INPUT DATA section start

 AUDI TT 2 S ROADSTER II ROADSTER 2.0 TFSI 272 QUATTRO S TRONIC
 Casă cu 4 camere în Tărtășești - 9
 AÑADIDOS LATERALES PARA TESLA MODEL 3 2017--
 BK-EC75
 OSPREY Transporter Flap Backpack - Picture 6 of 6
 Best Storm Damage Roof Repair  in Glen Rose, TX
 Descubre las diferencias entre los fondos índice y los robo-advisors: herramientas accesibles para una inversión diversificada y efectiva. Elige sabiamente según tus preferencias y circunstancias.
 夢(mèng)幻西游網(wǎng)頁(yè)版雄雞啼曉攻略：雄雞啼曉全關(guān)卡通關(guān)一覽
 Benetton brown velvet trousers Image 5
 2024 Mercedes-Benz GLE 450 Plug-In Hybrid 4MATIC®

INPUT DATA section end
INPUT DATA section start

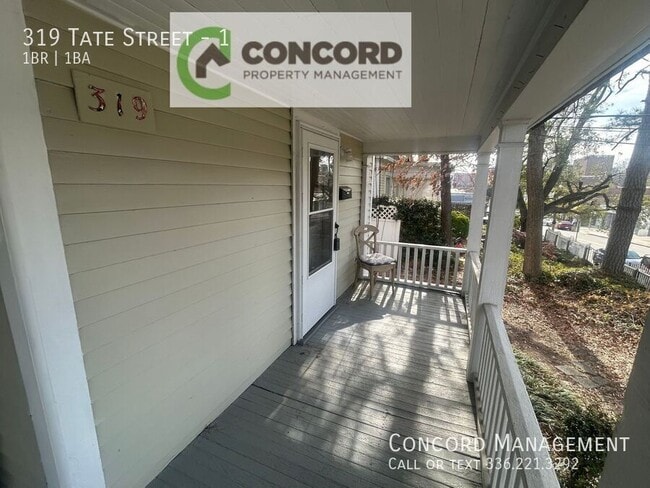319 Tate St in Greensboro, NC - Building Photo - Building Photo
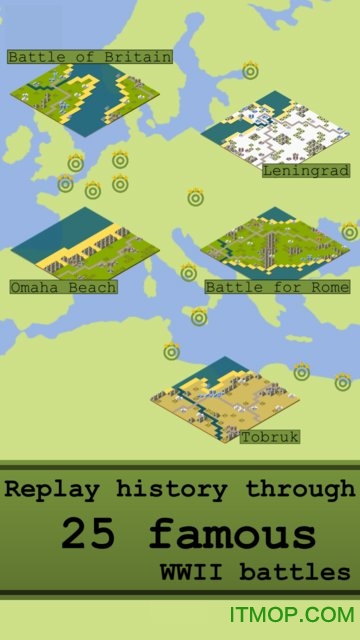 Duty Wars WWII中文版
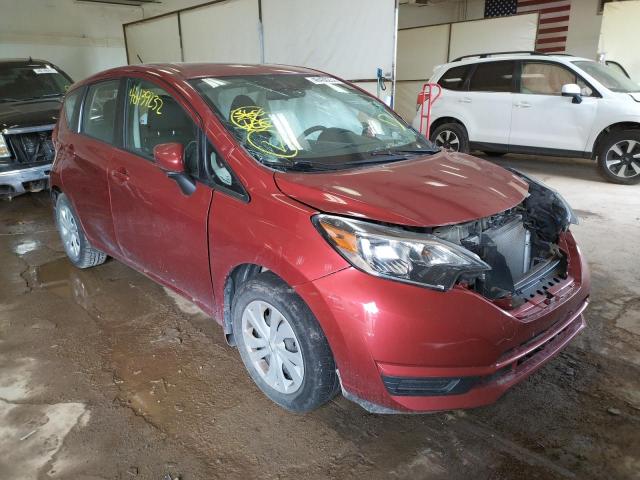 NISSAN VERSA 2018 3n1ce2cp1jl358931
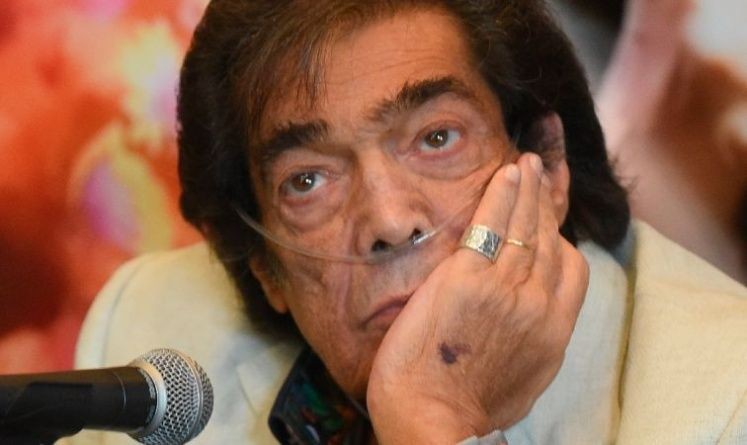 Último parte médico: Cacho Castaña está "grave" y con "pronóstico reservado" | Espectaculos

INPUT DATA section end

Your task for the entries above: copy exactly the span starting with the line with "夢(mèng)幻西游網(wǎ" and going on through the line with "2024 Mercedes-Benz GLE", both lines included, and nothing else.

 夢(mèng)幻西游網(wǎng)頁(yè)版雄雞啼曉攻略：雄雞啼曉全關(guān)卡通關(guān)一覽
 Benetton brown velvet trousers Image 5
 2024 Mercedes-Benz GLE 450 Plug-In Hybrid 4MATIC®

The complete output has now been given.